I watched a teardown video for the phone on YouTube and it appears the battery is replaceable, just not easily, whereas its given an "x" on this list (is this true of all phones?). Fortunately I don't seem to be suffering any battery-related problems at the moment, but I will be attempting to replace the screen, which does not seem to be easy on this dwvice.

2 comments

> it appears the battery is replaceable, just not easily, whereas its given an "x" on this list (is this true of all phones?)

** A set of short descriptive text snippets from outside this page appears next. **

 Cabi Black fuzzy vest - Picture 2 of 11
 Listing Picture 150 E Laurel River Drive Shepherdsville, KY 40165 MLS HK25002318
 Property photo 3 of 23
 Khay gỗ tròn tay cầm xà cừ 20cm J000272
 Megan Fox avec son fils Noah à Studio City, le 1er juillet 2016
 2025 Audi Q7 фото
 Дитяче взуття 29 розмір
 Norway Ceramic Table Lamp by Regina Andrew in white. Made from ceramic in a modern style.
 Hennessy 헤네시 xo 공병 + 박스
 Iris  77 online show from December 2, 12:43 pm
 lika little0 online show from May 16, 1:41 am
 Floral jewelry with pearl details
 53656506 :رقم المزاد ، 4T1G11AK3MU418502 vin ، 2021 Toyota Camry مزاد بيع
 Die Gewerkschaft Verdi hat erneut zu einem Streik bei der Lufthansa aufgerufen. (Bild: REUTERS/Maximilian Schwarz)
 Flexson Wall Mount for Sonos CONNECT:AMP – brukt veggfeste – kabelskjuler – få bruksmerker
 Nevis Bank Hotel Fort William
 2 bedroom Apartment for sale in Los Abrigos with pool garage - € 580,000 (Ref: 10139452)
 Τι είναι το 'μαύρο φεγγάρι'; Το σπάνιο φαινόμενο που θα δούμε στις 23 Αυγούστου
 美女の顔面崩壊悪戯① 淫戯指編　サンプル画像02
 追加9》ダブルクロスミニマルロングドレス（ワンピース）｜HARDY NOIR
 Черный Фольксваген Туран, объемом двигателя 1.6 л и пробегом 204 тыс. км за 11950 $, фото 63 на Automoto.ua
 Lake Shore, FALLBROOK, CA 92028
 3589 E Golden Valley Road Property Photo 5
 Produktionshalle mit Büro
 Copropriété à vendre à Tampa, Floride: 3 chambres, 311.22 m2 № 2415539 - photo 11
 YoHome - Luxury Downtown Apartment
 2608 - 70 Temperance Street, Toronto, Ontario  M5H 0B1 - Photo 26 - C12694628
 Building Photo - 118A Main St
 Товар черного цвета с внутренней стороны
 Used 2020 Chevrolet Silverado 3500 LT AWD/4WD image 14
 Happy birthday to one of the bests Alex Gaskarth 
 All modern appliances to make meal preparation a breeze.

So, the listing for the Moto X 2014 is saying exactly that. A swappable battery means that you can just take off the cover and change the battery, without needing any tool. That's not the case here (at least it's not marked as having that feature). Instead an iFixit guide is linked with 'moderate' difficulty (unlike others that are very difficult, then I wouldn't even try). Maybe that definition of a swappable battery is not universal and should be explained on the page?

It probably should be explained. Their classification makes sense, but I think some may be misled. The demographic of people getting older phones and running LineageOS would probably be comfortable with managing a few obnoxiously tiny screws to replace a battery, and just want to be able to replace them when they start crapping out, whereas the older phones I've had which advertised a replaceable battery (consistent with this list) made it easy enough for grandma.
> my full-dystopia-mode pixel 4A

What do you mean? I keep Pixel 4A on my buy-list, if/when my old trusty Nexus5X with zero Google services breaks down.

I just meant that I haven't made any efforts to keep google from snooping on me through that phone. So I get all the convenience of e.g. google screening my calls and waiting on hold for me, with all the associated privacy concerns, as opposed to the LineageOS device which I don't think has any google apps/services at all.

I do enjoy the 4a very much however, it's a great device.